In queste ultime settimane dell’anno i Comuni si apprestano ad ultimare i bilanci di previsione 2024-2026 da approvare entro il 31 dicembre (qui la notizia di richiesta di una proroga). Con riferimento alle entrate tributarie, quella certamente più enigmatica da definire resta indubbiamente la TARI: l’importo in entrata, com’è noto, dovrà essere determinato sulla base del Piano Finanziario 2024 per cui la scadenza di approvazione è fissata al 30 aprile.

Ad oggi quindi la determinazione di quell’importo può avvenire solo in forma provvisoria, stante l’obbligatoria revisione del PEF disposta da ARERA. I Comuni possono pertanto perseguire la strada più ovvia, stanziando l’importo corrispondente al totale dei costi 2024 rinvenibile ad oggi nel Piano pluriennale adottato nel 2022 (o nel 2023 per i Comuni interessati dalla revisione infra-periodo ad inizio anno).

In molti casi, tuttavia, quell’importo non è più minimamente rappresentativo della situazione attuale in quanto – soprattutto per gli enti che non hanno provveduto ad alcuna revisione 2023 – i costi in essi riportati corrispondono a quelli inseriti nel 2022 e rilevati dai bilanci 2020 con una rivalutazione del tutto trascurabile. Potrebbe risultare quindi necessario, ai fini del rispetto dei criteri di veridicità, attendibilità e congruità del bilancio di previsione, adottare una revisione di tale valore ben sapendo che lo stesso non costituisce più indicazione veritiera. La revisione definitiva potrà avvenire solo a PEF approvato, ma il Comune nel frattempo potrà valutare un adeguamento dei valori attualmente presenti nel documento.

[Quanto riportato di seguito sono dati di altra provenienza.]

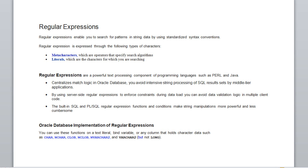Hello, welcome to another Oracle session. In this session, we are going to discuss regular expressions and how they are implemented in Oracle. Regular expressions were introduced in Oracle 10G.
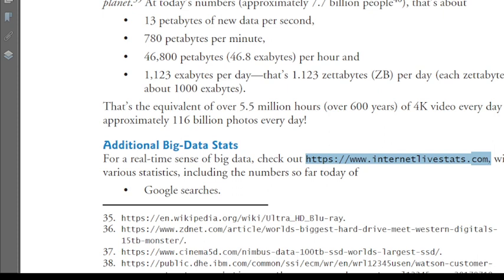I hope you are understanding how we can check how much data is being generated per second. Here you can see internet live data in real time.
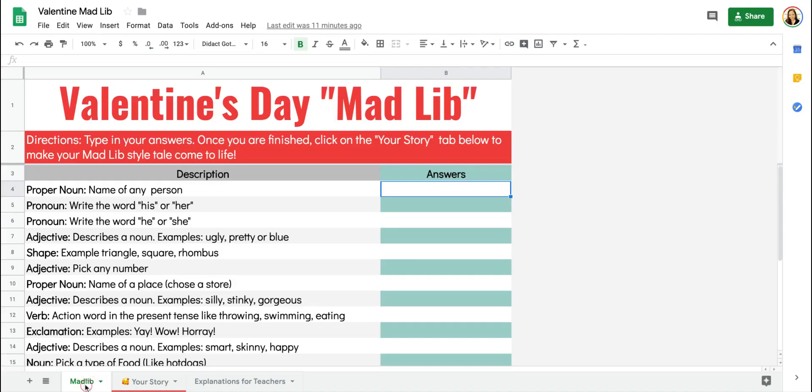Hello everyone, this is Joely Boucher and today we're going to learn how to make a Mad Lib style activity using Google Sheets. The first thing you're going to do is type out your story in a Google Doc.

Una soluzione a nostro avviso praticabile consiste nella rivalutazione dell’importo relativo all’annualità 2023 per un valore che non potrà eccedere il limite alla crescita tariffaria (per lo meno salvo che ad oggi siano già fin troppo evidenti effetti di incrementi dei costi di gestione tali da rendere pressoché certo il superamento di tale limite). Il limite all’incremento previsto dalla nuova delibera 389/2023 del 3 agosto scorso di ARERA è rinvenibile nel 9,6% costituito dalla somma algebrica tra indice di inflazione programmato (al 2,7% fisso per tutte le gestioni), recupero di produttività al minimo (0,1%) e massima valorizzazione del coefficiente CRI che tiene conto dei maggiori oneri sostenuti per il servizio integrato di gestione dei rifiuti negli anni 2022 e 2023 riconducibili alla dinamica dei prezzi dei fattori della produzione (7%). Naturalmente tale determinazione è provvisoria e sarà poi l’Ente Territorialmente Competente a valutare come valorizzare le componenti di cui sopra, oltre a quelle qui non citate, tutte contenute all’articolo 4 della deliberazione suddetta: pertanto nel dispositivo della deliberazione di approvazione del bilancio di previsione sarà necessario richiamare la transitorietà della determinazione del valore TARI. Tuttavia riteniamo che in presenza di condizioni di particolare evidenza circa l’incremento dei costi di gestione connesso alle dinamiche inflattive, i Comuni potranno adottare la soluzione prospettata con assoluta ragionevolezza, senza peraltro dover anticipare ulteriori considerazioni che troveranno in un momento posticipato dalla stessa disciplina normativa (il 30 aprile appunto) la dimensione definitiva.